### Task to carry out
The answer is the data repeated in full, with no pictures included.

### Material provided
# # #
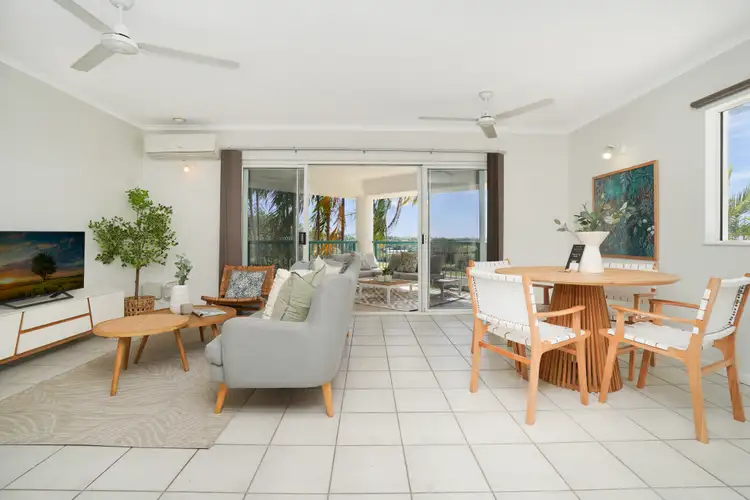 4/35 Duke Street, Stuart Park NT 820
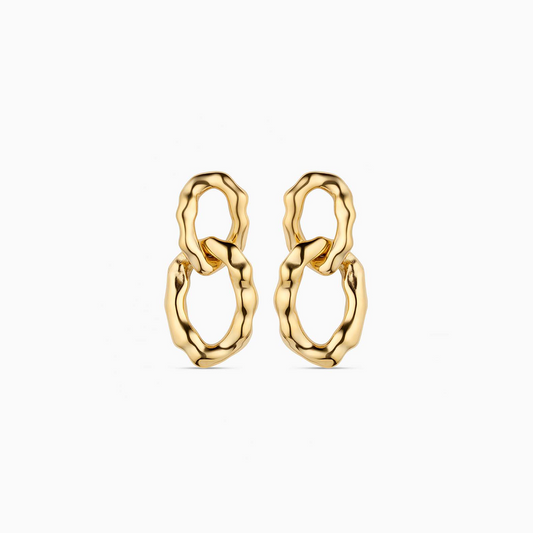 Molly Earrings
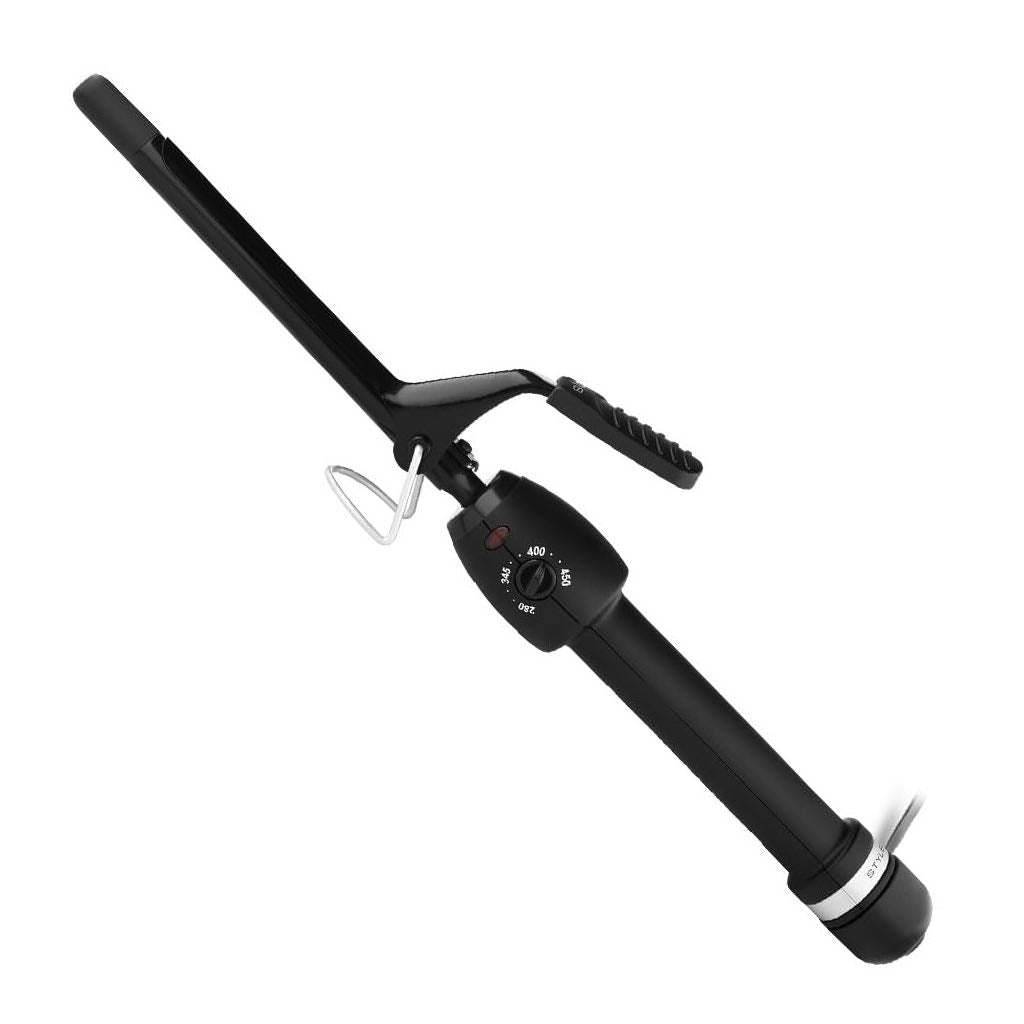 Curling Irons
# # #
### Reply
 4/35 Duke Street, Stuart Park NT 820
 Molly Earrings
 Curling Irons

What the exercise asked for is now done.